Il s’agit notamment de la restriction de l’accès aux moyens létaux (sécurisation des lieux ou la réduction de l’utilisation des produits dangereux utilisés pour le passage à l’acte), du maintien du contact avec les patients sortis de l’hôpital suite à une tentative de suicide et de la mise en place de centre d’appels et d’urgence. Il serait utile que les professionnels, notamment ceux du soin et de l’action sociale ou encore ceux travaillant en milieu carcéral, au contact des enfants et adolescents puissent suivre une formation au repérage de la souffrance psychique et de la crise suicidaire.

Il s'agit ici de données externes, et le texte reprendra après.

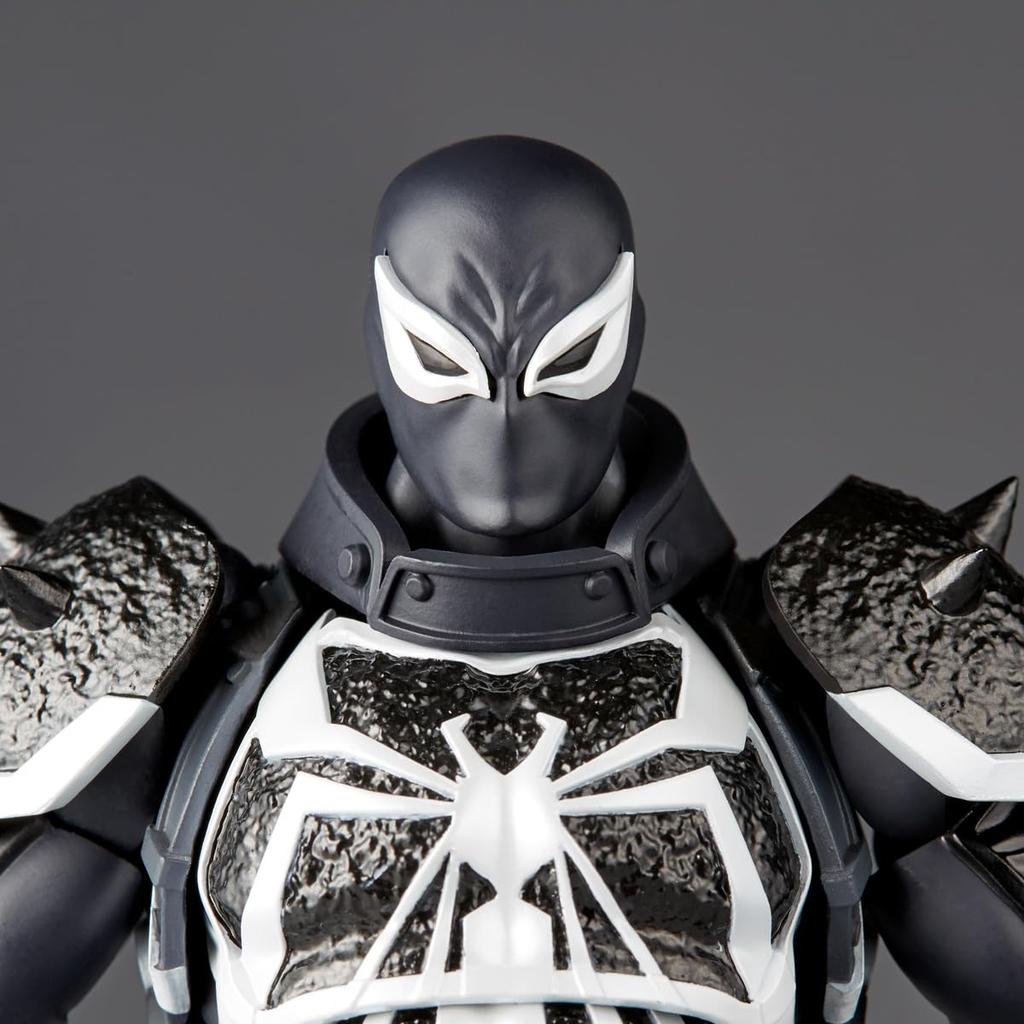 Kaiyodo Revoltech Amazing Yamaguchi Agent approximately 170mm made of and articulated NR061 Venom, tall, non-scale, PVC, ABS, POM, pre-painted,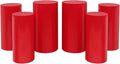 Eapmic Pedestal Stands for Party, Cake Pedestal Stand, Dessert Table Display Plinth Pillars, Sculpture Display Column Decoration Cube for Wedding Birthday (Red, Cylinder-6Pcs(27.56"+26"+23.62"))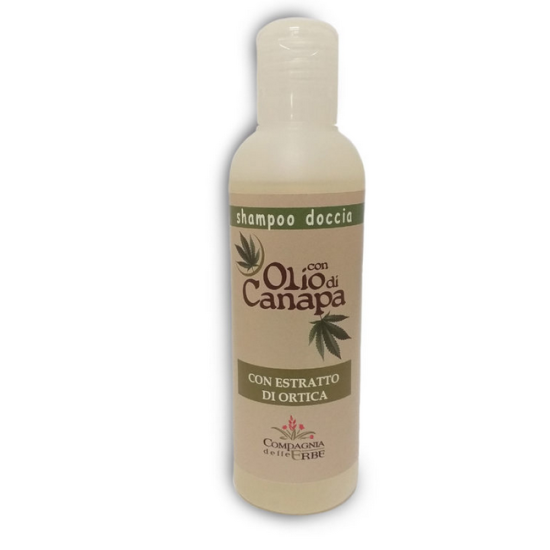 Shampoo con Olio di Canapa e Estratto di Ortica 200ml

En ce qui concerne les personnes en souffrance psychique, des mesures de prévention telles que la lutte contre l’isolement social, le développement des dispositifs d’aide à distance sont efficaces. L’intégration sociale est un puissant facteur de protection (en particulier, le fait d’avoir un conjoint et surtout des enfants réduit significativement le risque suicidaire). La prise en charge thérapeutique est également un facteur de protection.

Les actions de l'INPES

Une attention particulière doit être portée à certaines populations les plus vulnérables au risque suicidaire, comme les jeunes (pour qui le suicide est la première cause de décès), les personnes âgées, en particulier lorsqu’elles souffrent d’isolement, les personnes ayant une orientation homosexuelle ou bisexuelle, les proches de victimes de suicides ou encore les personnes ayant déjà effectué une tentative de suicide.

L'INPES participe également au développement d’actions qui se situent en amont de la survenue d'un mal être. Des actions sont conduites pour favoriser le développement des compétences psychosociales des enfants (avec notamment des actions de soutien à la parentalité) et lutter contre l'isolement social (surtout des personnes âgées, dans le cadre du programme « bien vieillir »). Par ailleurs, l’INPES mène d’autres actions, notamment de lutte contre l’homophobie, important facteur de risque suicidaire pour les personnes qui en sont victimes, ou encore d’information sur la dépression avec un site Internet et un guide de référence.

Ce numéro spécial du Bulletin Epidémiologique Hebdomadaire (BEH) permet d’œuvrer à l’amélioration de la qualité des données et le suivi des suicides et tentatives de suicides en population générale comme au sein de populations spécifiques (en milieu carcéral, dans le contexte professionnel…).